Ivy Leagues find a smart way to reduce football injuries

Talk of college football’s history evokes a series of images for many of us: comparatively small guys streaked with mud, smiling or grimacing in leather helmets. In such sepia-toned photos, they wear the uniforms of Ivy League schools such as Columbia, Harvard and Yale, where Walter Camp, the “father of American football,” enrolled in 1876.

Now, more than a century after the Ivy League led in developing football, its members are leading in making the game safer. Coaches at the eight schools have agreed to eliminate tackling from practices during the regular season.

The Ivy League makes sense as a proving ground for the safety measure. The sport is no longer as big or profitable there as at the athletically dominant conferences.

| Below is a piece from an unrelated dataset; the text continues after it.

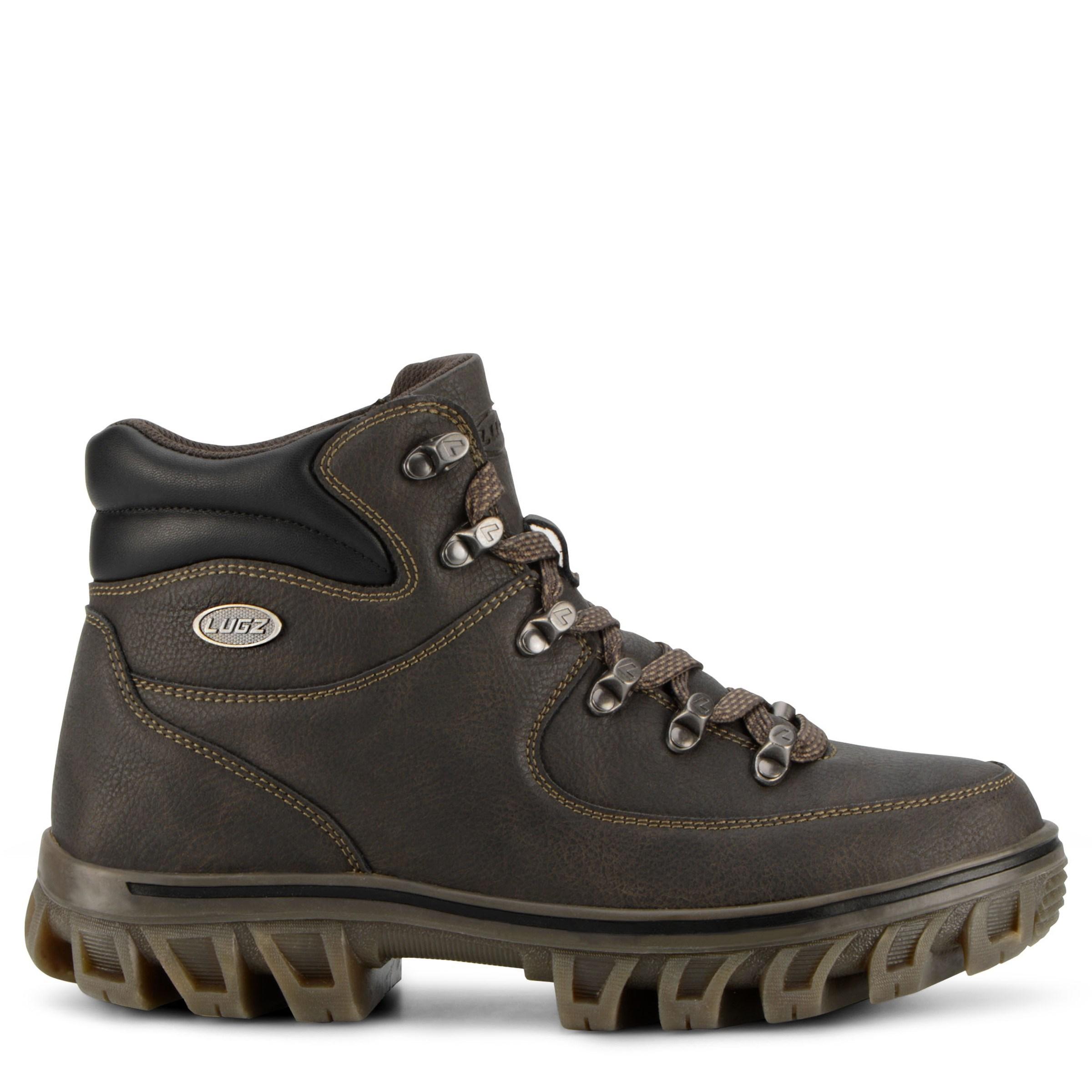 brown lugz shoes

Ivy League players do not even get football scholarships.

Meanwhile, the harm football can do is clear. Every month seems to bring a new study on the prevalence of chronic traumatic encephalopathy or another tale of a former star turned ill or suicidal by too many hits. Studies show that reducing hits in practice cuts down on concussions dramatically.

The Ivy League has generally been at the forefront of safety changes. Dartmouth unilaterally banned full-contact practices in 2010, and the league sharply reduced them in 2011. Now all of the Ivies are eliminating full contact at in-season practices.

Observers worried that players would lose their edge by not practicing tackles, but it turned out that working with tackling dummies, pads and other equipment was enough to keep them sharp. At Dartmouth, injuries and fatigue declined and the college has been among the league’s best for several years. Both the NFL and the NCAA have reduced full-contact practices in recent years, but the NCAA still allows a lot more tackling in practice than the pros. That should change.

Football is a dangerous game that America loves like no other. Enjoying this risky sport has created a moral conflict for fans and a continued hazard for players. If players and fans don’t want to lose the game, we have to do everything possible to reduce the harm it causes.